Regardless of a property owner’s political sentiments related to Colorado’s marijuana laws, it is critical that they consider its implications in relation to their property. REALTORS® and property managers need to make sure that their clients are making informed decisions as they consider tenants and, most importantly, a tenant’s growth of marijuana on leased premises. Clearly, there is more to consider than just the potential impact of increased electrical and water bills.

 

Tenants and their REALTORS®
There are also important factors for REALTORS® representing tenants who desire to grow marijuana on leased premises. Obviously, if it is in a “commercial” context, municipal restrictions will need to be considered. Local municipalities may opt in or out of commercial marijuana uses and, even in cities that allow it, there are substantial restrictions related to zoning, proximity to schools, etc.
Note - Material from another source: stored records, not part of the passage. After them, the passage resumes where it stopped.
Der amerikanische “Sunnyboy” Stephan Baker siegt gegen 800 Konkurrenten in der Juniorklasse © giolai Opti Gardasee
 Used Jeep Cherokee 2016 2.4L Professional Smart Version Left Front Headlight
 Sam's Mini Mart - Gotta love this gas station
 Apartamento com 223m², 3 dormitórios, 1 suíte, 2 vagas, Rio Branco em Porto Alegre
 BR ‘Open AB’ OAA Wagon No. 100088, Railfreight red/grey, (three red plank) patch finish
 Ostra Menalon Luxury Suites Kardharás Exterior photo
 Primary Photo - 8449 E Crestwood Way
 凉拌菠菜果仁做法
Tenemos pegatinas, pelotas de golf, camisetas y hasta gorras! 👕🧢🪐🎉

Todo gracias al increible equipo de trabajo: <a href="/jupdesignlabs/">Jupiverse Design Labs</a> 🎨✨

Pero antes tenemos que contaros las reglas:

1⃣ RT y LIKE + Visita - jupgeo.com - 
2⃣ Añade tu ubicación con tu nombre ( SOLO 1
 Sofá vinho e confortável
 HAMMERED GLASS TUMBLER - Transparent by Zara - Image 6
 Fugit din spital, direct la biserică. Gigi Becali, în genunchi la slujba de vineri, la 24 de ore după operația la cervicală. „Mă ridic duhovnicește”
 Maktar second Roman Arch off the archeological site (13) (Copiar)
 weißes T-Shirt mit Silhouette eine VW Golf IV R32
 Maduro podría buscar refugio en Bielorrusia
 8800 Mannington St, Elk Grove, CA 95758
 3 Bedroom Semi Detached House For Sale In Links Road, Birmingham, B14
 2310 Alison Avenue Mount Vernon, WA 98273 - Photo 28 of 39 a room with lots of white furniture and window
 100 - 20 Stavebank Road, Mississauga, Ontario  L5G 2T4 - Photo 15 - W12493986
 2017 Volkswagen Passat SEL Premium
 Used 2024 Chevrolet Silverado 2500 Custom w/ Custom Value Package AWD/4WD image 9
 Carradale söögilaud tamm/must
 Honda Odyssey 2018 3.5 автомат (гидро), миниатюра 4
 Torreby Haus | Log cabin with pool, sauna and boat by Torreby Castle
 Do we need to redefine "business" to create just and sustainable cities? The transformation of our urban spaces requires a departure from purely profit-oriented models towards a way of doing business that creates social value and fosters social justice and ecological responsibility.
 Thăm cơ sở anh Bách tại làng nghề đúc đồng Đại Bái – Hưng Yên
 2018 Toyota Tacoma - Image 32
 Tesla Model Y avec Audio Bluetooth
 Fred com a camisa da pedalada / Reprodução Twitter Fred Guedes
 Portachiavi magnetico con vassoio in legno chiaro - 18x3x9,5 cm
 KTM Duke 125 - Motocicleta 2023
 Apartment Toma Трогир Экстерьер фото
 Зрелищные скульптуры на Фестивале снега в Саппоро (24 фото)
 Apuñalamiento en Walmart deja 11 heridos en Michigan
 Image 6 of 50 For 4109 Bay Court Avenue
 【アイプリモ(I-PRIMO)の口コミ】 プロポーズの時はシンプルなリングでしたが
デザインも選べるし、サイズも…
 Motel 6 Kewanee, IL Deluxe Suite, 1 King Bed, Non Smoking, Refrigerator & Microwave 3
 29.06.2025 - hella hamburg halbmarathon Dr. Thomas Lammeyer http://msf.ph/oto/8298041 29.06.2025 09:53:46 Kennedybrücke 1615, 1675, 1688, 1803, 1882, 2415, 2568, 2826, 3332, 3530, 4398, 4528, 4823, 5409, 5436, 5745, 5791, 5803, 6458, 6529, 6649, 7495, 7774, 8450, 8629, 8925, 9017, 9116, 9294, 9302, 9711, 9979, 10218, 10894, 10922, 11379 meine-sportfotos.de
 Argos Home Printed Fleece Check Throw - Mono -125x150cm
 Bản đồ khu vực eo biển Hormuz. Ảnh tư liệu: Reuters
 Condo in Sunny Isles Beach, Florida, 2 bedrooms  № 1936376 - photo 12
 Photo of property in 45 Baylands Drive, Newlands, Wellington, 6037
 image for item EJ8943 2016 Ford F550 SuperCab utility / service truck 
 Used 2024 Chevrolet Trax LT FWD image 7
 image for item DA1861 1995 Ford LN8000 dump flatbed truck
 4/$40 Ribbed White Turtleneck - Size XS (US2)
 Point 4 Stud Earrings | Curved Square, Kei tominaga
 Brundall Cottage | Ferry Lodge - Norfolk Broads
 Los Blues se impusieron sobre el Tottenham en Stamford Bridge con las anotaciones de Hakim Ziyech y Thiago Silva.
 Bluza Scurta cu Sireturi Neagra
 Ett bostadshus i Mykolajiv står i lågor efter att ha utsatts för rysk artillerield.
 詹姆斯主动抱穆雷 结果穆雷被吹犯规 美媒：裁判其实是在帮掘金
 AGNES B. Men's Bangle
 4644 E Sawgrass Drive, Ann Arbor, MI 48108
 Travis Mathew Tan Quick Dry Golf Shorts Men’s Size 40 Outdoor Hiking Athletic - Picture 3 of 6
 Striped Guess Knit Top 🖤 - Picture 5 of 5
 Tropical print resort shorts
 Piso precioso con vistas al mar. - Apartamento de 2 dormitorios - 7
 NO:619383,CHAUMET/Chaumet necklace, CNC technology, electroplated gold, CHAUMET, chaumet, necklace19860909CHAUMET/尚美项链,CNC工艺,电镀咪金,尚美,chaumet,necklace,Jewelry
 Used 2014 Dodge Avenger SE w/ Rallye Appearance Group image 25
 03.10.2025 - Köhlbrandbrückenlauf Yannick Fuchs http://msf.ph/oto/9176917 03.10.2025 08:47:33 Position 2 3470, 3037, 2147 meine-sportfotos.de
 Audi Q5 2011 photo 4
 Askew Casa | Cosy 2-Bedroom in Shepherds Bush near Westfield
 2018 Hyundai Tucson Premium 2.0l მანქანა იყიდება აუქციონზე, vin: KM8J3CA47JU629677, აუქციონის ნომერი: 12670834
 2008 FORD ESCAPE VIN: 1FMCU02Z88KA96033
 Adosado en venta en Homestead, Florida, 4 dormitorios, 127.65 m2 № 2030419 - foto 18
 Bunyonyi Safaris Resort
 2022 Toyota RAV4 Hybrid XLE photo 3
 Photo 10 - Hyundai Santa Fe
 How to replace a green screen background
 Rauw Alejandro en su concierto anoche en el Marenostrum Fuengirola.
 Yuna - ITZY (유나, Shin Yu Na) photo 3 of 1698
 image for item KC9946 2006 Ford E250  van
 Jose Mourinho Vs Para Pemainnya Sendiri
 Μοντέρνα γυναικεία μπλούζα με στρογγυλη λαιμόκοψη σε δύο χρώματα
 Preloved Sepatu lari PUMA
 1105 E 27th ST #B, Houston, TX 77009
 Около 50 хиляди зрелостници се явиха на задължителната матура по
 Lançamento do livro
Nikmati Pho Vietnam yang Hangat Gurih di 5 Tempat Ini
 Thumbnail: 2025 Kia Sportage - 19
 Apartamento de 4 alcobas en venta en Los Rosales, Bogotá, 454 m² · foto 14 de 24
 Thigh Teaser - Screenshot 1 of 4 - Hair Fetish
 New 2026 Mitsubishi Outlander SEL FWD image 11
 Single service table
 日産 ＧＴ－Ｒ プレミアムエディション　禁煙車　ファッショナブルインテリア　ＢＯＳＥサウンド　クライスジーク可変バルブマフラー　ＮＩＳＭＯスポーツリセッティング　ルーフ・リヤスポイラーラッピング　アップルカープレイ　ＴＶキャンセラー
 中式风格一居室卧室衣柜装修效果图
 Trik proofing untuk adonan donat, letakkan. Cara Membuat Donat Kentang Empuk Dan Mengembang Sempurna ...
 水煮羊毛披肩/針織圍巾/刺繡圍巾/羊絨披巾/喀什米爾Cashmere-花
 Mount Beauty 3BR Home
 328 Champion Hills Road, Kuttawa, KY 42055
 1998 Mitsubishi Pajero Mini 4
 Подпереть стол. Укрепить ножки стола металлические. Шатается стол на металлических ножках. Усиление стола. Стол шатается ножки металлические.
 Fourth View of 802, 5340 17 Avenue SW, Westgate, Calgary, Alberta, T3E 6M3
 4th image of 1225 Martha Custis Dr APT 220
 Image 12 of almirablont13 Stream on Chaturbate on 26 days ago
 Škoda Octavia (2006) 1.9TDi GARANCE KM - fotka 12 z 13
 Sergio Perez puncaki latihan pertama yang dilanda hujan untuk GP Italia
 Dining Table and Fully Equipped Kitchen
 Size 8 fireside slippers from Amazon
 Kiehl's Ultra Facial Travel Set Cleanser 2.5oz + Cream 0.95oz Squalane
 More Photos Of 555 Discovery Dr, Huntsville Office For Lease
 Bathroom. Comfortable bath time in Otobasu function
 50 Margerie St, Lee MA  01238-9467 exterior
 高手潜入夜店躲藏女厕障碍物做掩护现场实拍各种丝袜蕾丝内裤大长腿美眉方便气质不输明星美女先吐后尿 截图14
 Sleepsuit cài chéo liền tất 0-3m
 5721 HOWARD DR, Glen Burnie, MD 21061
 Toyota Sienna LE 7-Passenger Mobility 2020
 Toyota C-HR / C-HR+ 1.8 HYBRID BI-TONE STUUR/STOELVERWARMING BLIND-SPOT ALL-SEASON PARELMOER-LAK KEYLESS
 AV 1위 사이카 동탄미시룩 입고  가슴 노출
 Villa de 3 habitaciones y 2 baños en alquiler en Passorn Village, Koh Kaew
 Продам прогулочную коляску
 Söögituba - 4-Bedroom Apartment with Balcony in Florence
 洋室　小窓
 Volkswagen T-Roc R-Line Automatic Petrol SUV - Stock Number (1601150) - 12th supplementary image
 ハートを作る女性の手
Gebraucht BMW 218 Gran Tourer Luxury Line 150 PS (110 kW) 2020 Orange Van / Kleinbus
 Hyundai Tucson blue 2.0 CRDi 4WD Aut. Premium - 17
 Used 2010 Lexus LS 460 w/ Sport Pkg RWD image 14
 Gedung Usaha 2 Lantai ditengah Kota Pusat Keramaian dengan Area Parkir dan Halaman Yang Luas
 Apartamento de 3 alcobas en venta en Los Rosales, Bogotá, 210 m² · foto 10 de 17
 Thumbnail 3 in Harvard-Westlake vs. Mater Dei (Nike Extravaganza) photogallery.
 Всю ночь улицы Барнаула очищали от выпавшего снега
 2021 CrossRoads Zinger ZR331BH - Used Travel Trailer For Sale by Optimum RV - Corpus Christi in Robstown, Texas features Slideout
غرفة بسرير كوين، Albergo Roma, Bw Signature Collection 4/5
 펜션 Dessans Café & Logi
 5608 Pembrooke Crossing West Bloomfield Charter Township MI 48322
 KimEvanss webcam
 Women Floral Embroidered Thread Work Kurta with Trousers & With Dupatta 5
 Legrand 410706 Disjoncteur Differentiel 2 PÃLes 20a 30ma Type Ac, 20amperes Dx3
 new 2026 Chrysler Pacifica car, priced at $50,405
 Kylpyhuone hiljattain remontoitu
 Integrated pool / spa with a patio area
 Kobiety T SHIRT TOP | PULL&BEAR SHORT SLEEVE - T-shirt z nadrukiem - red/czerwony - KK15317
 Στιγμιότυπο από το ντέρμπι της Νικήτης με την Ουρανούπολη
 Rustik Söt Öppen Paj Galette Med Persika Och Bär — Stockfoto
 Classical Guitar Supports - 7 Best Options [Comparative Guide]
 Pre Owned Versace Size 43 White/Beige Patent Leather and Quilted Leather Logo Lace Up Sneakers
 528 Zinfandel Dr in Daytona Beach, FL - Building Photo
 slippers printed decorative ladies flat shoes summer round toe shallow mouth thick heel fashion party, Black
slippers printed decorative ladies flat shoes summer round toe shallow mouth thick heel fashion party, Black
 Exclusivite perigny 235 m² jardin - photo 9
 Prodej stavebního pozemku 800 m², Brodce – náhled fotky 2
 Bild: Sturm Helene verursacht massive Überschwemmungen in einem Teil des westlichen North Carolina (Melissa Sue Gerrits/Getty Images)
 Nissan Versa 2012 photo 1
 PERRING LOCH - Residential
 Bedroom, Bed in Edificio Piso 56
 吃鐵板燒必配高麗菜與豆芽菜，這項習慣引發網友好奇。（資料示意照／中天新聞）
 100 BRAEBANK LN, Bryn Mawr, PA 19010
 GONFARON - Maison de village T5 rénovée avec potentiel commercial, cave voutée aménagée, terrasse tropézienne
Make sure your tenant clients are considering properties that are suitable for their intended use and that landlords are amenable to that use.

 

In residential leases, I would encourage tenants that intend to grow marijuana for their personal use to have a candid conversation with a potential landlord up front. If a landlord is not going to allow a tenant to grow marijuana on leased premises, it is much better to know that before moving in and setting up an expensive grow facility. Even in the case that marijuana is not specifically prohibited in the lease, it is likely that a landlord could evict a tenant for growing marijuana.

 

Conclusion
Under any analysis, Colorado is at that forefront of evolving marijuana laws in the United States. As such, there are unique implications to Colorado real estate that are primarily driven by our conflict with federal law. REALTORS® have a front row seat to the action but need to make sure that their clients are able to make informed decisions when it comes to real estate transactions.